Dans la matinée, deux raids aériens ont visé le port pétrolier stratégique de Ras Lanouf, pris vendredi par l’insurrection à 300 km au sud-ouest de Benghazi, où des combattants ont répliqué avec l’artillerie anti-aérienne, selon un journaliste de l’AFP.
À chaque passage de l’avion militaire, un feu nourri a éclaté de toutes les armes au sol, batteries antiaériennes, lance-grenades ou simples armes automatiques, sans parvenir à atteindre l’appareil.
Dès l’aube, des habitants avaient fui Ras Lanouf par crainte des combats qui avaient déjà chassé les insurgés de Ben Jawad, à une quarantaine de kilomètres plus à l’ouest.
Sur la route, un véhicule équipé de haut-parleurs crachait des instructions aux insurgés: «N’allez pas au front devant l’armée. Le pétrole est entre nos mains», vociférait la voix dans le haut-parleur, laissant entendre que le village de Ben Jawad, où les combats dimanche ont fait au moins 12 morts et plus de 50 blessés ne valait pas un tel sacrifice.
Lourd bilan
À Misrata, 3e ville du pays tenue par l’opposition à 150 km à l’est de Tripoli, les combats dimanche ont fait 21 morts, dont un petit garçon de 2 ans et demi, et plus de 90 blessés, selon un médecin précisant que l’immense majorité des victimes étaient des civils.
Les forces pro-Kadhafi ont attaqué la ville à l’arme lourde pendant toute la journée, a raconté le médecin. «Ils ont tiré sur des civils et des bâtiments. Les rebelles ont riposté et réussi à pousser les forces de Kadhafi hors de la ville», a-t-il ajouté.

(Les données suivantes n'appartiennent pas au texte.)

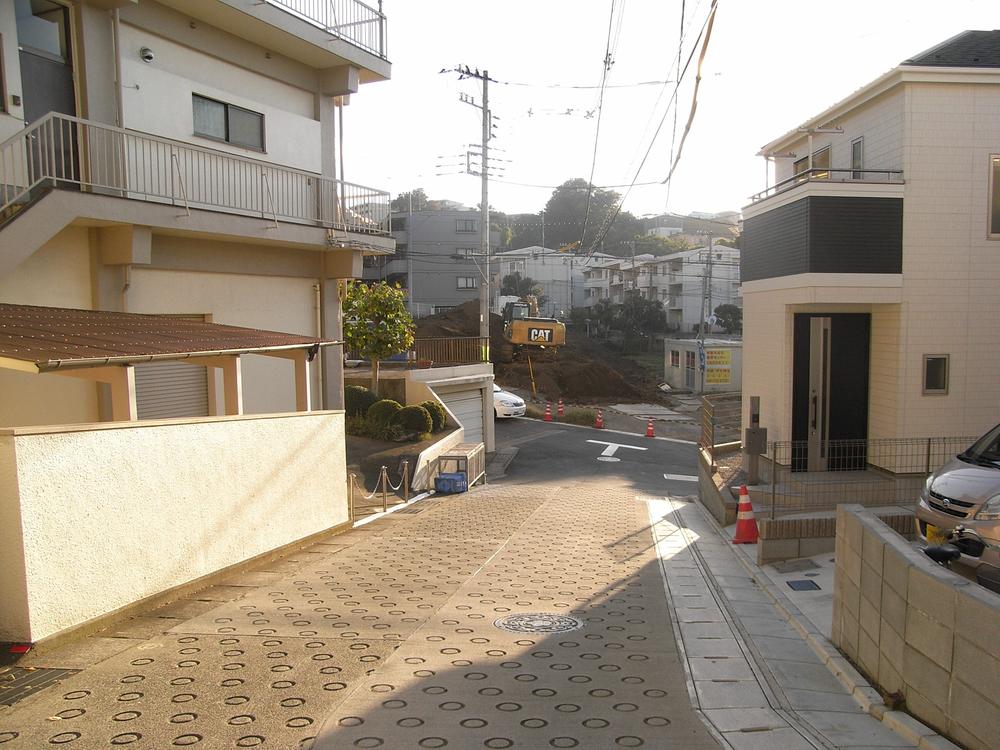 Local photos, including front road. Is a 2-minute walk to the bus stop!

L’ONU a demandé dimanche un accès d’urgence aux victimes «blessées et mourantes» de ces bombardements, et a lancé lundi un appel de fonds de 160 millions de dollars pour aider les victimes.
À Washington, la pression montait autour du président Barack Obama pour fournir une assistance militaire aux insurgés et neutraliser l’aviation libyenne, soit par une zone d’interdiction aérienne, soit par une destruction des pistes des aéroports.
Le secrétaire général de l’Otan, Anders Fogh Rasmussen, a estimé lundi que les attaques contre des civils en Libye pouvaient être considérées comme des crimes contre l’humanité et que la communauté internationale ne pourrait pas rester passive si elles se poursuivaient.
Il a cependant répété que l’Otan n’avait «pas l’intention d’intervenir» sans mandat de l’ONU.
L’Italie a annoncé avoir établi des contacts «discrets» avec le Conseil national de l’opposition. En revanche, une «équipe diplomatique britannique» venue établir des contacts à Benghazi a dû quitter le pays après avoir été arrêtée et détenue plusieurs jours par l’opposition, qui lui a reproché d’être entrée dans le pays «de manière non officielle et sans aucun accord préalable».
L’armée libyenne a tenté ces derniers jours de lancer une contre-offensive pour stopper la progression des insurgés. Mais l’insurrection, un mélange de jeunes sans expérience du combat et de militaires ralliés à l’opposition, a réussi à garder le contrôle de l’Est du pays, jusqu’à Ras Lanouf.
Un pont aérien international se poursuivait à Djerba (sud de la Tunisie) pour rapatrier des milliers de réfugiés égyptiens ayant fui la Libye. Plus de 191. 000 personnes ont fui à ce jour les violences et environ 10 000 personnes déplacées se dirigeaient vers la frontière égyptienne, selon l’ONU.
Les tensions en Libye, qui détient les plus importantes réserves de pétrole d’Afrique, ont continué de se répercuter sur les marchés. Les prix du pétrole grimpaient fortement lundi en cours d’échanges européens, et se hissaient à New York à un nouveau sommet depuis septembre 2008.